Es seien also Mischkonzepte notwendig, Multimobilität und das Wissen, dass die junge Generation kritischer konsumiere und Regionalität wichtiger werde. „Lasst uns nachdenken, was ein attraktives Mixed-Use -Quartier sein kann, wo alles stattfinden kann, von Bildung, Kultur, öffentlichen Einrichtungen, Gastronomie, Handel, Wohnen und Gewerbe bis hin zu Co-Working. Eine Zusammenarbeit aus Stadt, Eigentümern, Unternehmerschaft und Bürger*innen ist die Voraussetzung für erfolgreiche Städte“, sagte Hörmann und schloss mit den Worten: „Ich mache mir keine Sorgen, auch wenn es Krise gibt.
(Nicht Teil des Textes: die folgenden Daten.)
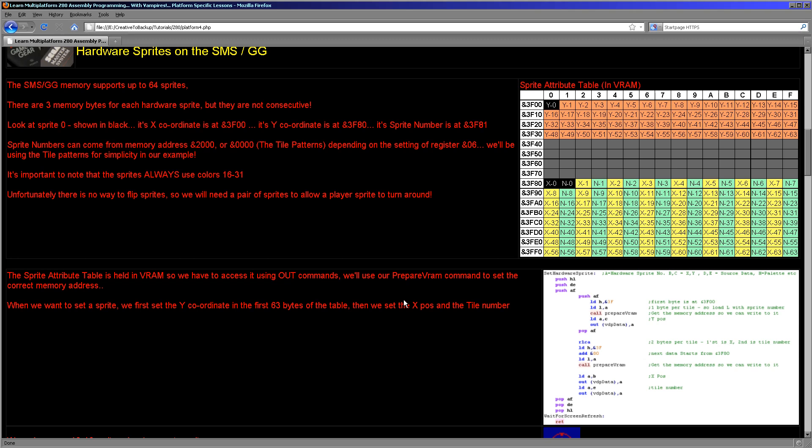Well, first we need to set the Y coordinate, and there is one byte for this, set from 3F00 to 3F3F, and these are the Y coordinates.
Wenn wir gemeinsam Pläne machen, diese ernst nehmen und sie auch umsetzen, mit dem Hauptleitsatz „der Maßstab ist der Mensch“, werden Innenstädte wieder erfolgreich.“

Es folgte eine angeregte Diskussion zwischen Fragen wie „wo steht mein Geschäft heute?“, „welchen politischen Rahmen benötigen wir?“ und Aussagen wie  „ich glaube an den stationären Handel und ich glaube, dass er Zukunft hat. Denn der Kunde möchte Begegnung und er möchte Beratung vor Ort“ (Stefan Zimmer), „das Thema Wohnen wird in jeder Stadt fokussiert, denn der Handel braucht weniger Fläche. Aber baurechtliche oder brandschutztechnische Probleme bringen oft Schwierigkeiten, vor allem in historischen Stadtkernen, die den Prozess verlangsamen“,  (Bernhard Nattermann) oder „gerade für junge Menschen ist die Frage nach dem Arbeitsweg ein wichtiger Faktor für die Mobilität in den Innenstädten von morgen“ (Celina Herbers). Rolf Benzmann will von ihr wissen: „Wenn ich in der Zukunftsstadt Friedrichshafen unterwegs bin, wie wird Mobilität aussehen? Werde ich mich auf autonomes Fahren verlassen können?“ Celine Herbers antwortet, dass die Technologien durchaus da seien, wenn auch noch nicht voll ausgereift. Benzmanns sechsjährigem Sohn gebe sie aber gute Chancen, autonomes Fahren in der Zukunftsstadt nutzen zu können. Das Projekt ALFRIED beschäftige sich aktuell mit einem konkreten Anwendungsfall, nämlich dem innerstädtischen Lieferverkehr.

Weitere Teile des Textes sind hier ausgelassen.